4. Although natural selection is blind, the products of this process are often amazingly complex. In order to explain how a blind process dependent on random events (mutations) can generate such complexity, Richard Dawkins has provided us with an analogy [303].
He invites us to imagine that a complex current trait is like an English sentence; for example, a line from Shakespeare’s Hamlet: METHINKS
IT IS LIKE A WEASEL. The odds that a monkey would produce this line by tapping at a typewriter are vanishingly small, one in 10,000 million million million million million million. These are not good odds. But if instead of trying to get a monkey or a computer to get the “right” sentence in one go, let’s change the rules so that we start with a randomly generated letter set such as
SWAJS MEIURNZMMVASJDNA YPQZK. Now we get a computer to copy this “sentence” over and over, but with a small error rate. From time to time, we ask the computer to scan the list and pick the
Whatever “sentence” is closest is used for the next generation of copying, again with a few errors thrown in.
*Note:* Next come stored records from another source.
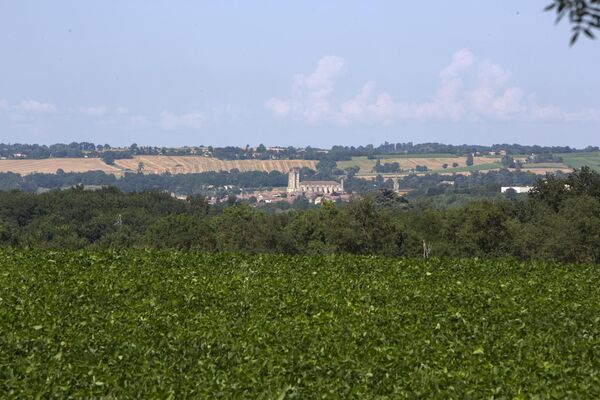 PHOTO10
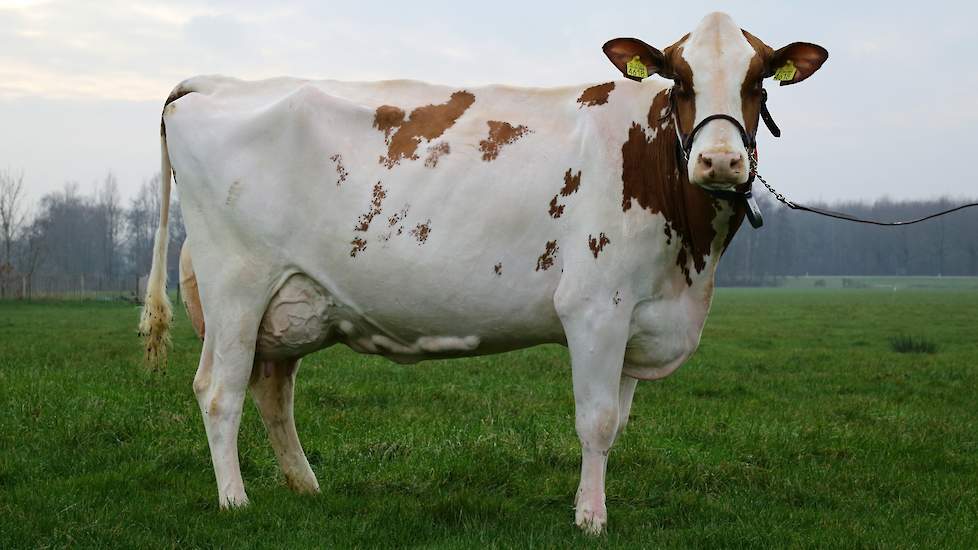 Caudumer Lol 303 PP (Mitey P x Lawn Boy P) van fokker Sietze Henk Haytema uit Koudum (FR) is de volle zus van fokstier Caudumer Europol PP. Hun moeder Lol 292 is de grootmoeder van Delta Fun P (Aikman RF x Magna P x Lawn Boy P), die bij de decemberdraai n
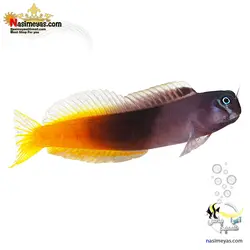 ماهی بلنی بایو کالر دو رنگ آب شور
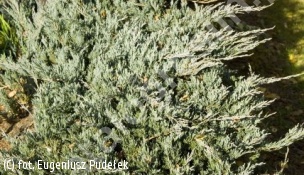 jałowiec płożący 'Bar Harbor' - Juniperus horizontalis 'Bar Harbor' 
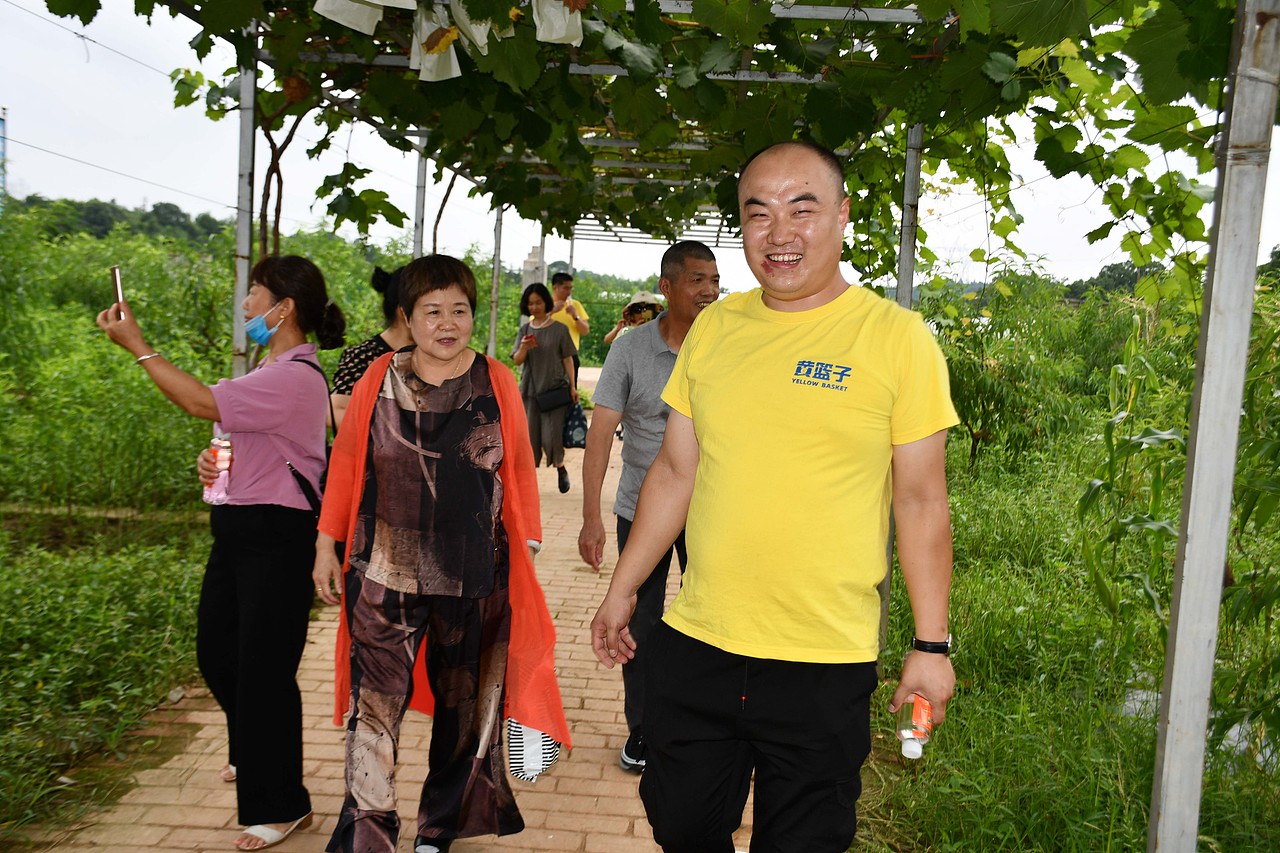 黄篮子生鲜会员探访黄篮子蔬菜种植基地 - 天然无公害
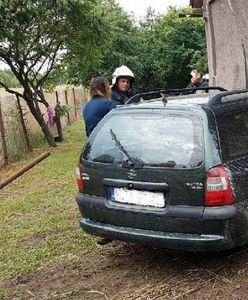 Zajrzała do torebki i wjechała w dom. Na drodze stanęło jej pole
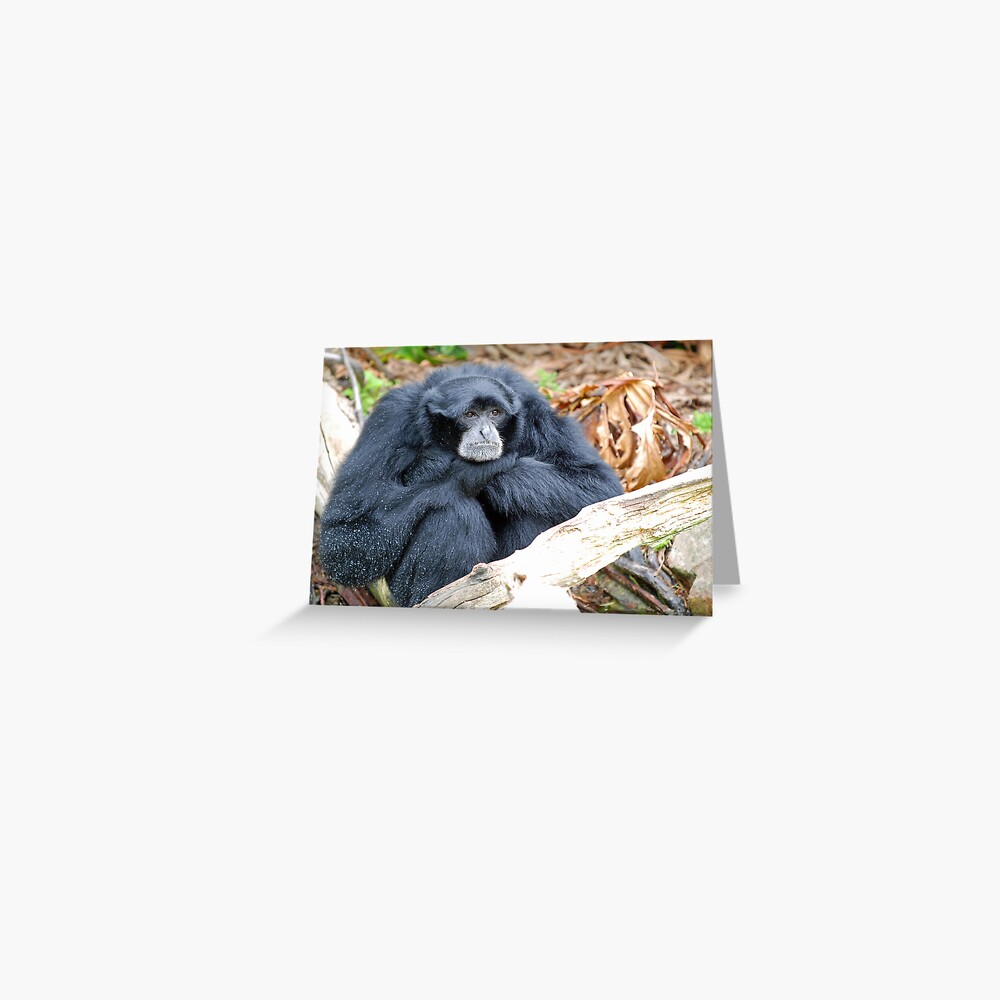 Siamang Greeting Card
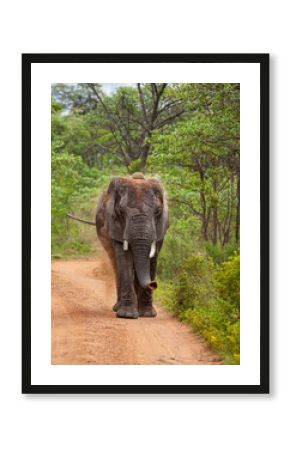 elephant in the zoo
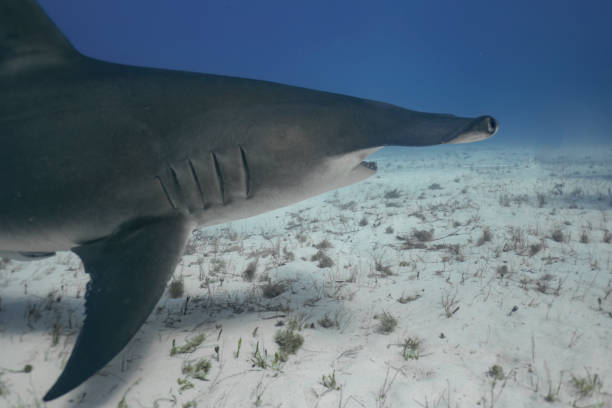 istock A Great Hammerhead (Sphyrna mokarran) in Bimini, Bahamas 1452930019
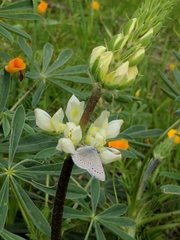 Lupinus microcarpus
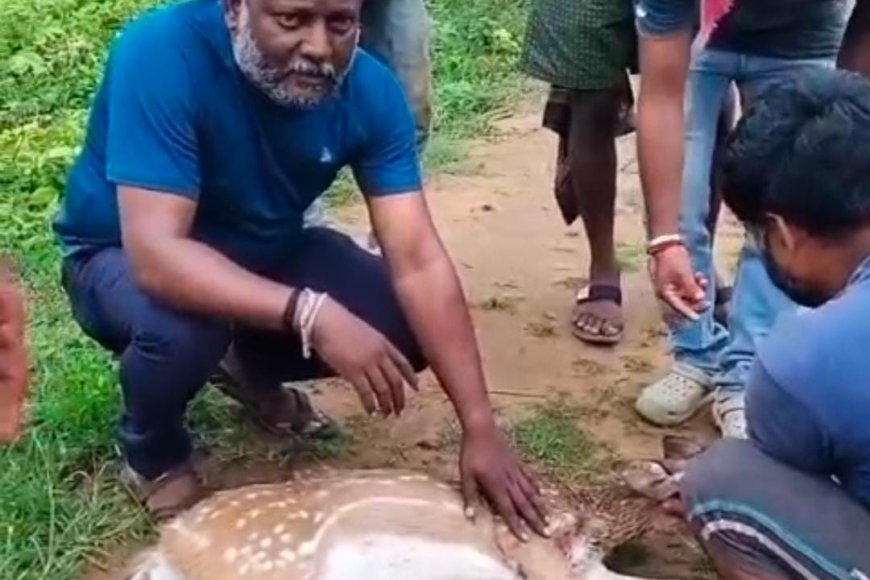 ಕುಶಾಲನಗರ:ಅಪಘಾತದಲ್ಲಿ ಗಾಯಗೊಂಡ ಜಿಂಕೆಯ ರಕ್ಷಣೆ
The sentence in this group that is most similar to METHINKS…is selected to be copied, and so on. Dawkins performed the experiment and found that it took 40 to 70 generations to reach the target sentence-a few seconds of computer time, not years. What was Dawkins’s main point in illustrating what he called “cumulative selection?” In what sense might you say that the sentence analogy more closely resembles artificial selection than natural selection?